## About this exercise:
Please give the whole listing again word for word, and drop any pictures it holds.

┏━━

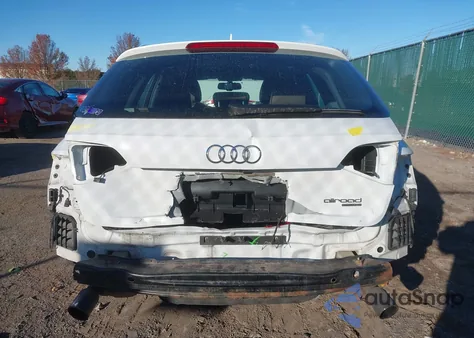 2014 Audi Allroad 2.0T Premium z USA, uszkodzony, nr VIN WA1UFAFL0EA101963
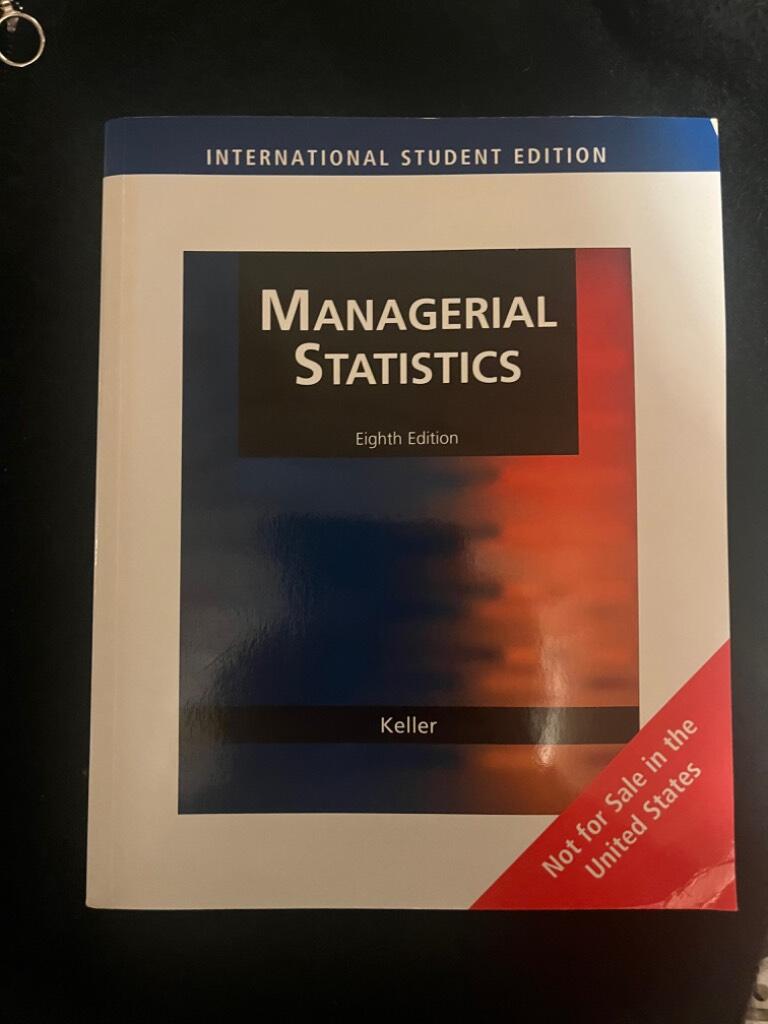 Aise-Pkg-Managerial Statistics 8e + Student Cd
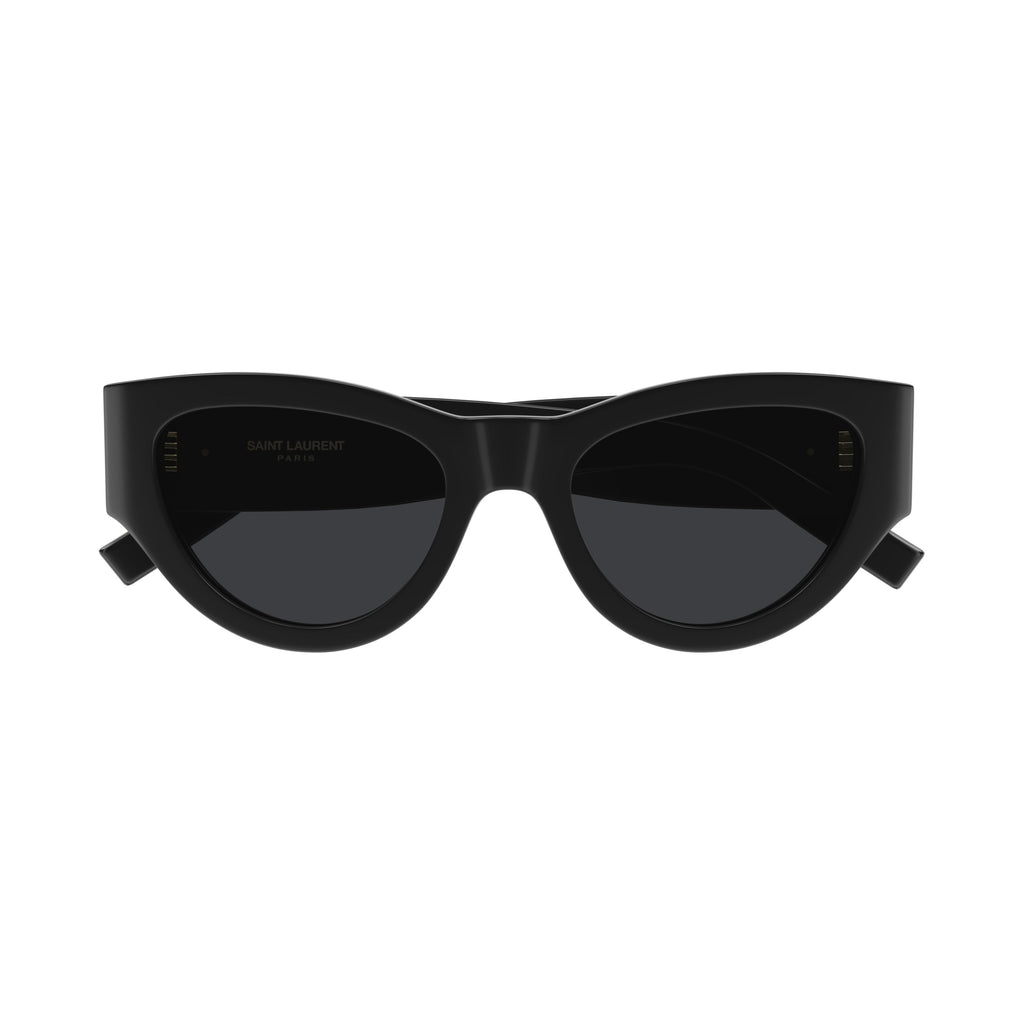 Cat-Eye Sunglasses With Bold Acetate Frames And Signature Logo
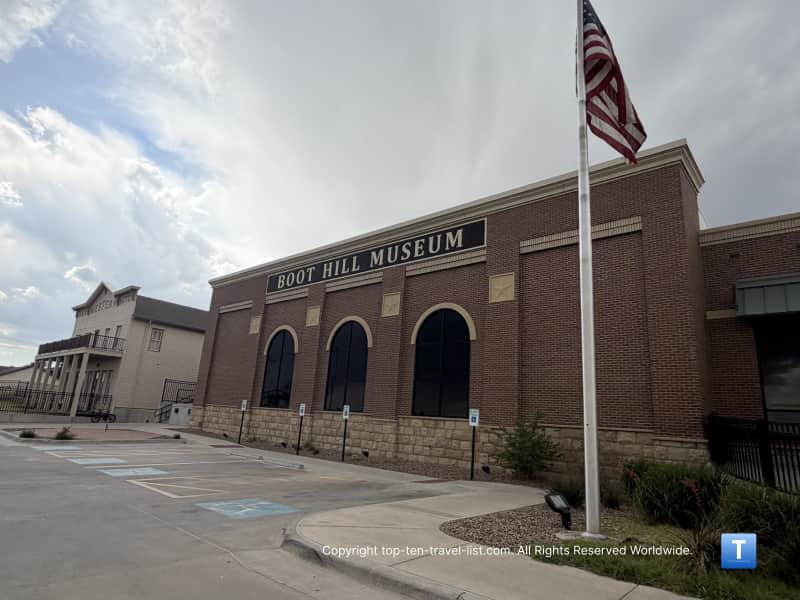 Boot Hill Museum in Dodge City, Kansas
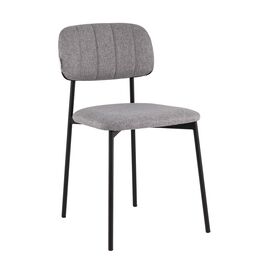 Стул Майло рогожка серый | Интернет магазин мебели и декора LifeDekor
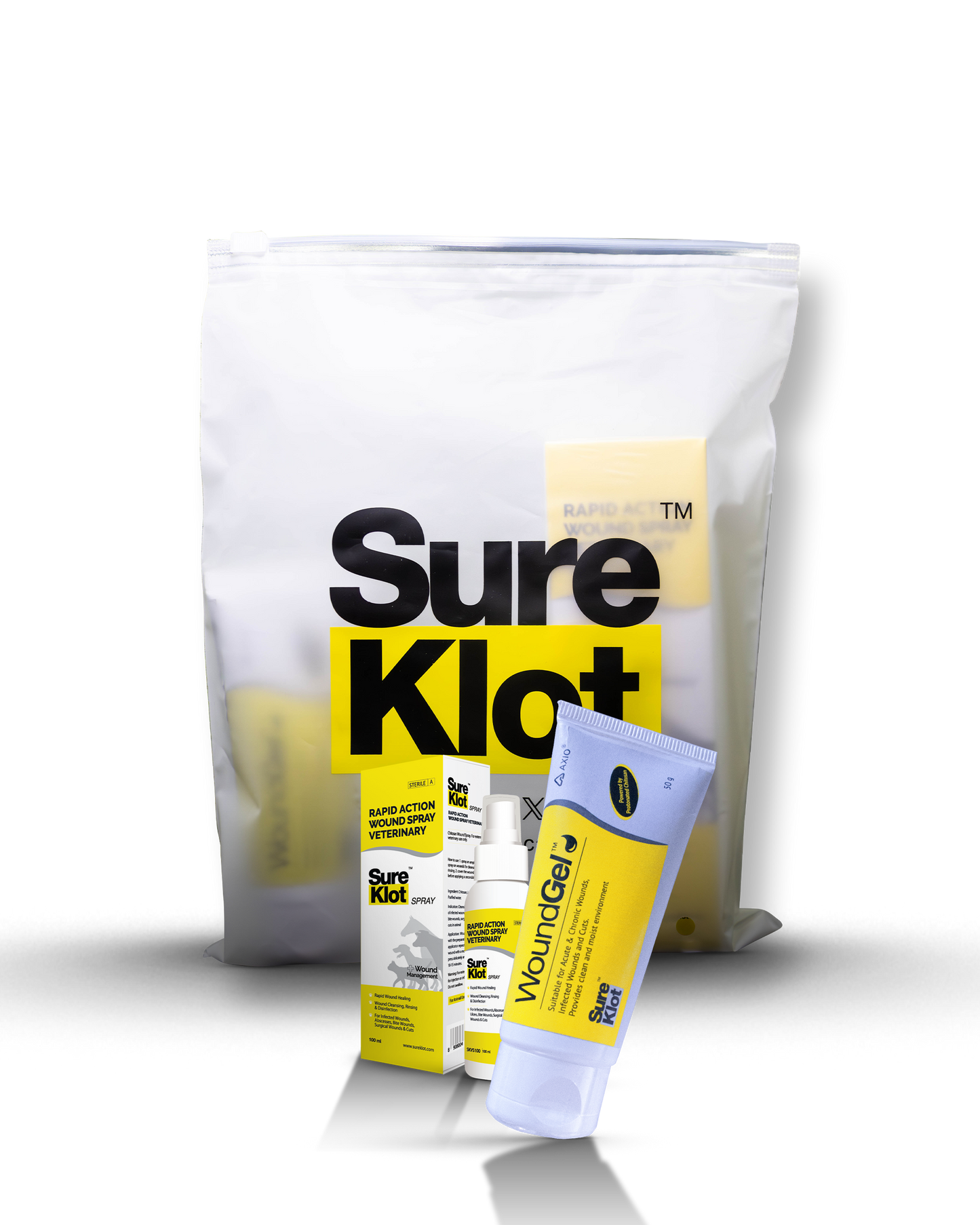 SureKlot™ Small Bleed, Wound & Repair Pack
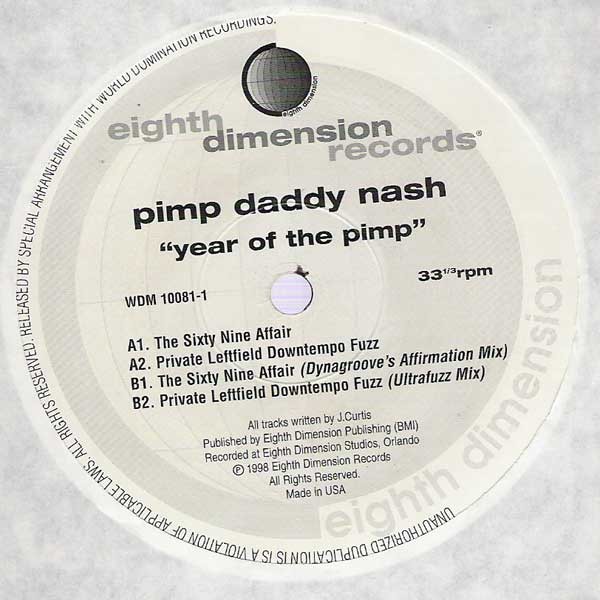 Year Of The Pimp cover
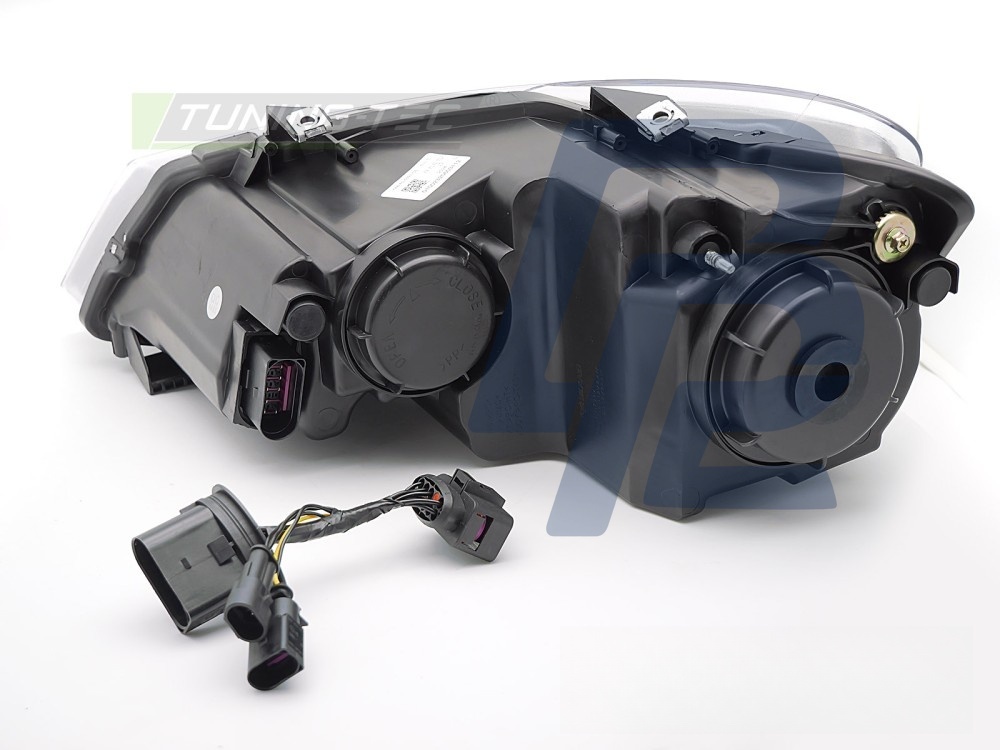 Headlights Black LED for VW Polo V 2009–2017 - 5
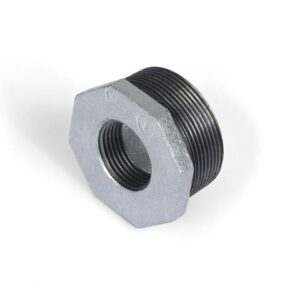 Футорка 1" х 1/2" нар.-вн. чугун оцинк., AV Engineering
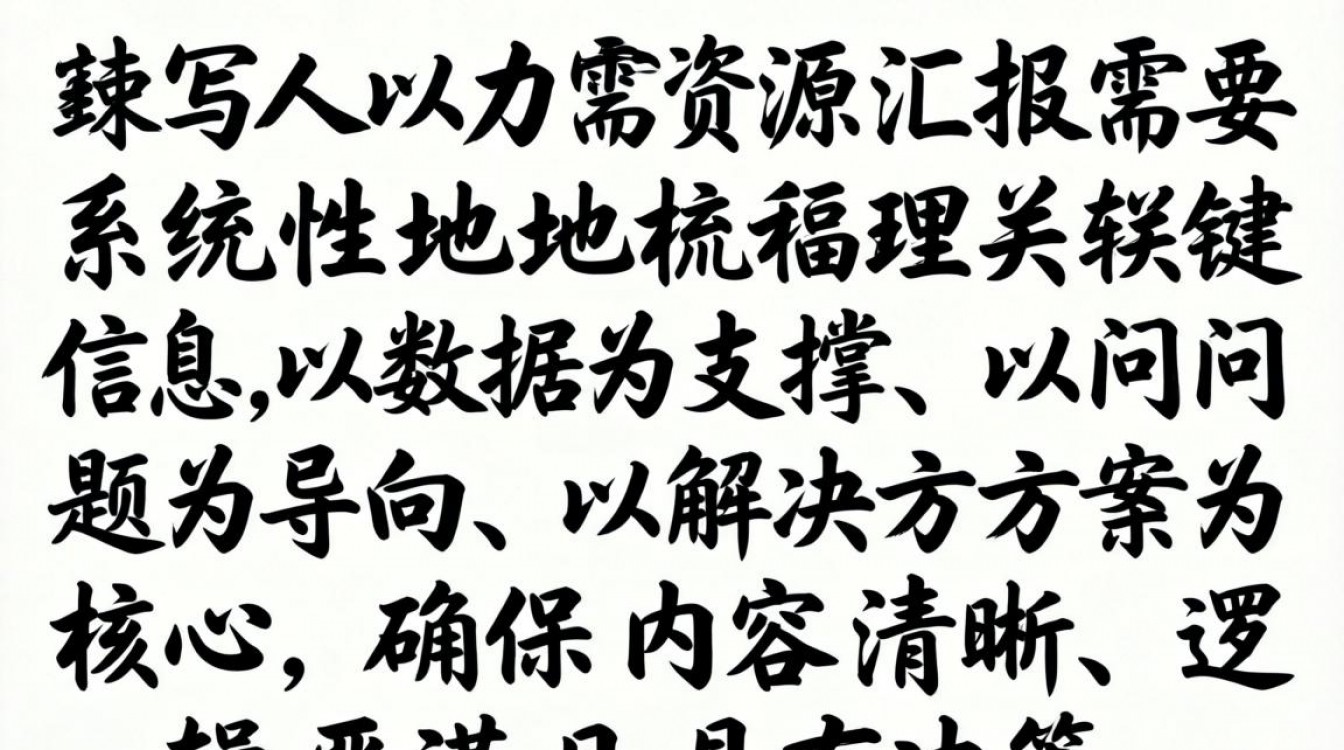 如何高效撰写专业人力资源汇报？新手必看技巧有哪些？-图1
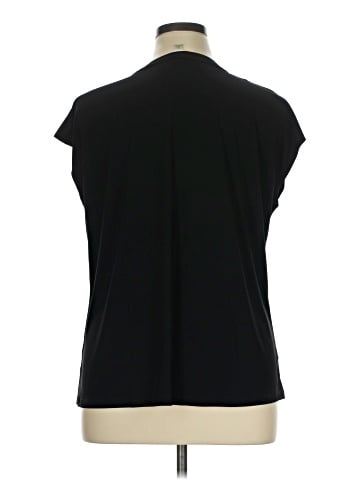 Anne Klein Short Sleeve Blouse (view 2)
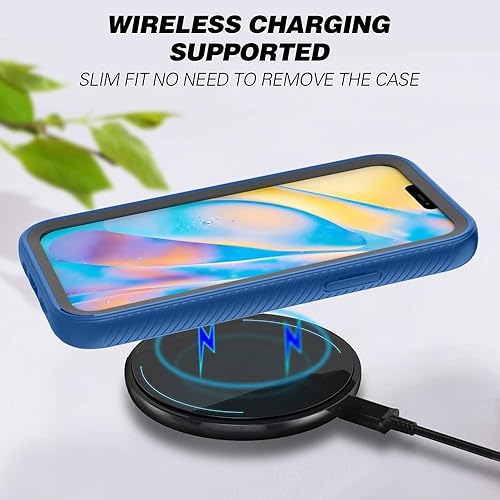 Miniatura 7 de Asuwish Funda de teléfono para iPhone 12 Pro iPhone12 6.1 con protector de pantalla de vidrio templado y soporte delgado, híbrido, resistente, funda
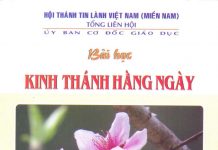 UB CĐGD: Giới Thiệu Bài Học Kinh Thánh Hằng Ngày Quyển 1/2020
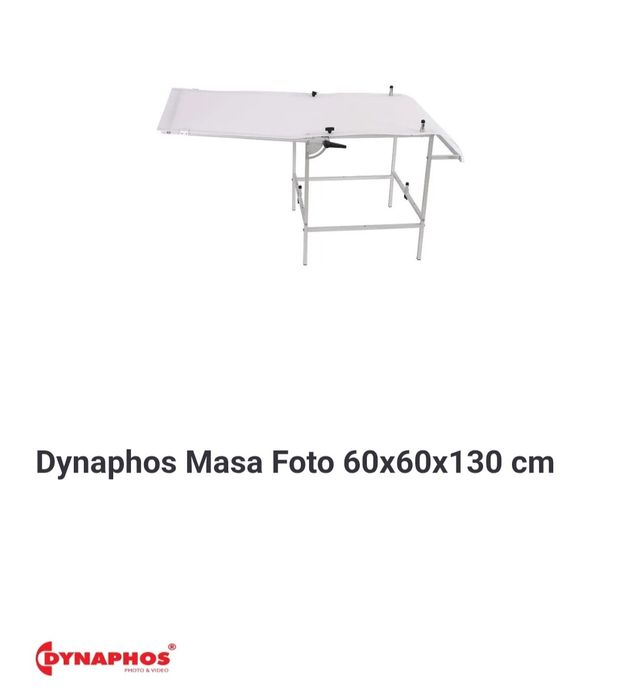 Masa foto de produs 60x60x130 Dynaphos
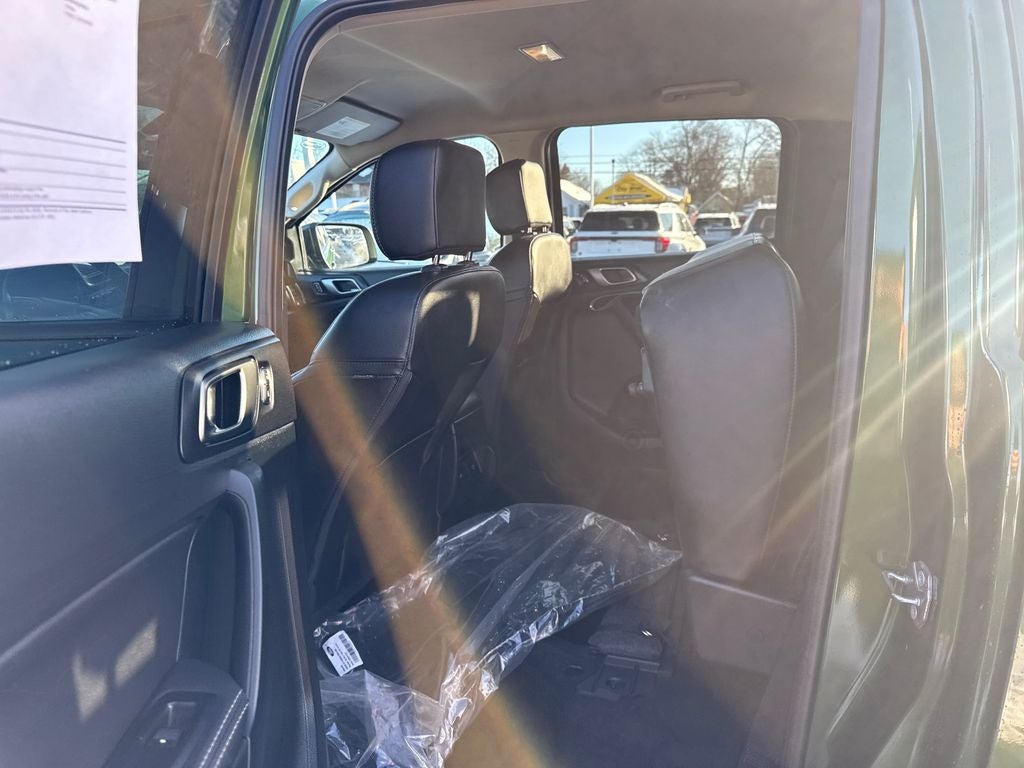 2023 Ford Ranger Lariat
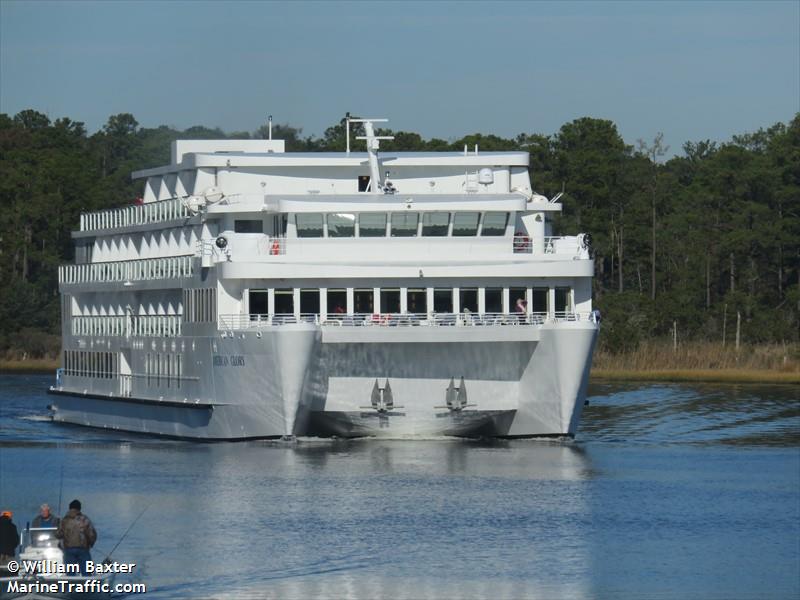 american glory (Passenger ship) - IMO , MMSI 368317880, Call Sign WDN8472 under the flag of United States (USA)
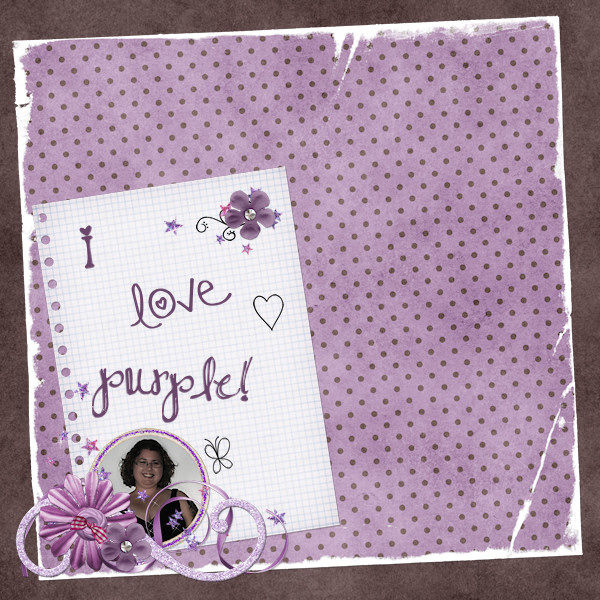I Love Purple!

┗━━

## Your response:
 2014 Audi Allroad 2.0T Premium z USA, uszkodzony, nr VIN WA1UFAFL0EA101963
 Aise-Pkg-Managerial Statistics 8e + Student Cd
 Cat-Eye Sunglasses With Bold Acetate Frames And Signature Logo
 Boot Hill Museum in Dodge City, Kansas
 Стул Майло рогожка серый | Интернет магазин мебели и декора LifeDekor
 SureKlot™ Small Bleed, Wound & Repair Pack
 Year Of The Pimp cover
 Headlights Black LED for VW Polo V 2009–2017 - 5
 Футорка 1" х 1/2" нар.-вн. чугун оцинк., AV Engineering
 如何高效撰写专业人力资源汇报？新手必看技巧有哪些？-图1
 Anne Klein Short Sleeve Blouse (view 2)
 Miniatura 7 de Asuwish Funda de teléfono para iPhone 12 Pro iPhone12 6.1 con protector de pantalla de vidrio templado y soporte delgado, híbrido, resistente, funda
 UB CĐGD: Giới Thiệu Bài Học Kinh Thánh Hằng Ngày Quyển 1/2020
 Masa foto de produs 60x60x130 Dynaphos
 2023 Ford Ranger Lariat
 american glory (Passenger ship) - IMO , MMSI 368317880, Call Sign WDN8472 under the flag of United States (USA)
I Love Purple!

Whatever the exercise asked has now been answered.